Australian government position

The Inspector-General of Intelligence and Security (IGIS) is an independent statutory office holder in the Commonwealth of Australia responsible for reviewing the activities of the six intelligence agencies under IGIS jurisdiction. With own motion powers in addition to considering complaints or requests from ministers, IGIS is a key element of the accountability regime for Australia’s intelligence and security agencies.

The six intelligence and security agencies under IGIS jurisdiction are:
- Australian Geospatial-Intelligence Organisation (AGO)
- Australian Secret Intelligence Service (ASIS)
- Australian Security Intelligence Organisation (ASIO)
- Australian Signals Directorate (ASD)
- Defence Intelligence Organisation (DIO)
- Office of National Intelligence (ONI)

In addition, the Surveillance Legislation (Identify and Disrupt) Act 2021 expanded IGIS’s jurisdiction to include oversight of the use of network activity warrants by the Australian Criminal Intelligence Commission and the Australian Federal Police.

==History==
The office was formally established by the Inspector-General of Intelligence and Security Act 1986 (the IGIS Act) and commenced operating on 1 February 1987. The inaugural Inspector for Intelligence and Security was Neil McInnes.

The Office of the Inspector-General of Intelligence and Security is situated within the Attorney-General's portfolio for administrative purposes, but as an independent statutory office holder, the IGIS is not subject to general direction from the Attorney-General on how the functions under the IGIS Act should be carried out.

==Role and functions==
The role and functions of the IGIS are set out in sections 8, 9 and 9A of the IGIS Act. These sections of the IGIS Act provide a legal basis for the IGIS to conduct regular inspections of the intelligence agencies and to conduct inquiries, of varying levels of formality, as the need arises. The functions of the Inspector‑General do not include inquiring into the matters to which a complaint made to the Inspector‑General by an employee of an agency relates to the extent that those matters are directly related to the promotion, termination of appointment, discipline or remuneration of the complainant or to other matters relating to the complainant’s employment.

The IGIS:
- regularly visits agencies to check their records
- conducts special inquiries into agency activities
- investigates complaints about the agencies, and
- reports the results of inquiries to Ministers, the Prime Minister and the Parliament.
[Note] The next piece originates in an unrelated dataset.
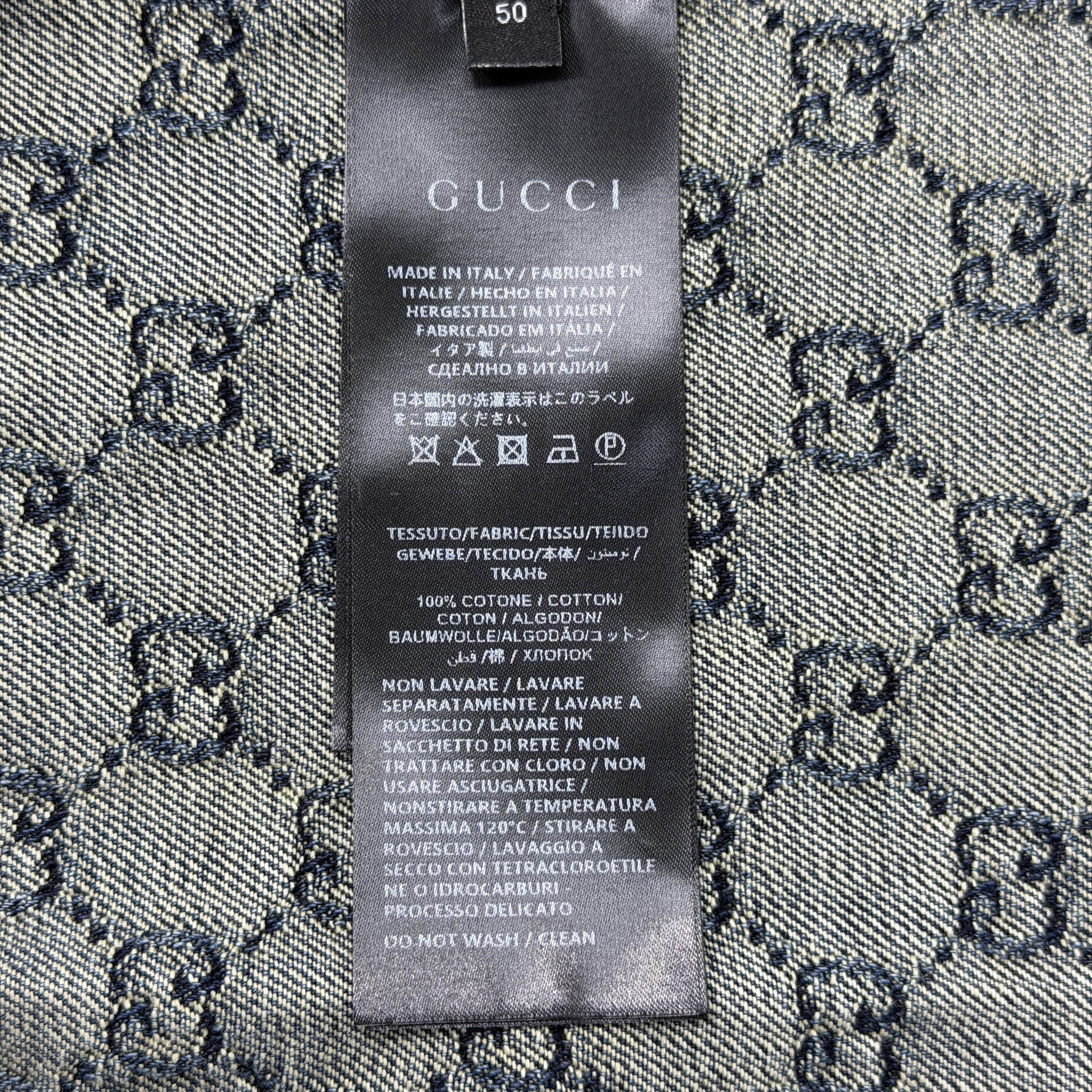 Bộ Gucci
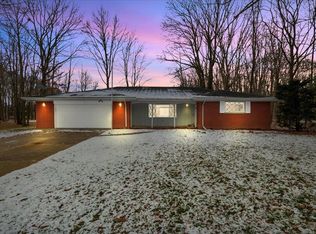 10731 Swan Creek Rd, Saginaw, MI 48609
The overarching purpose of these activities is to ensure that each intelligence agency acts legally and with propriety, complies with ministerial guidelines and directives, and respects human rights. The majority of the resources of the office are directed towards on-going inspection and monitoring activities, so as to identify issues or concerns before they develop into major problems which then require remedial action. The inspection role of the IGIS is complemented by the Inspector-General’s inquiry function. In undertaking inquiries the Inspector-General has very strong investigative powers, akin to those of a Royal Commission.

Inquiries are conducted in private because they frequently involve highly classified or sensitive information, and the methods by which it is collected. The public ventilation of this material would be potentially very harmful to those persons involved in its collection, or compromise collection, neither of which would serve the national interest.

The intelligence agencies are also subject to review by the Parliamentary Joint Committee on Intelligence and Security as well as the Australian National Audit Office. Certain ASIO assessments can be appealed to the Administrative Appeals Tribunal for a merits review of a decision. Proceedings can also be instituted against AIC agencies in the Courts.

== Inspectors-General ==
The Inspector-General of Intelligence and Security is appointed by the Governor-General under the Inspector-General of Intelligence and Security Act 1986.

As an independent statutory office holder, the Inspector-General is not subject to general direction from the Attorney-General, or other Ministers, on how their responsibilities under the IGIS Act should be carried out. This ensures the independence and integrity of IGIS’s review responsibilities.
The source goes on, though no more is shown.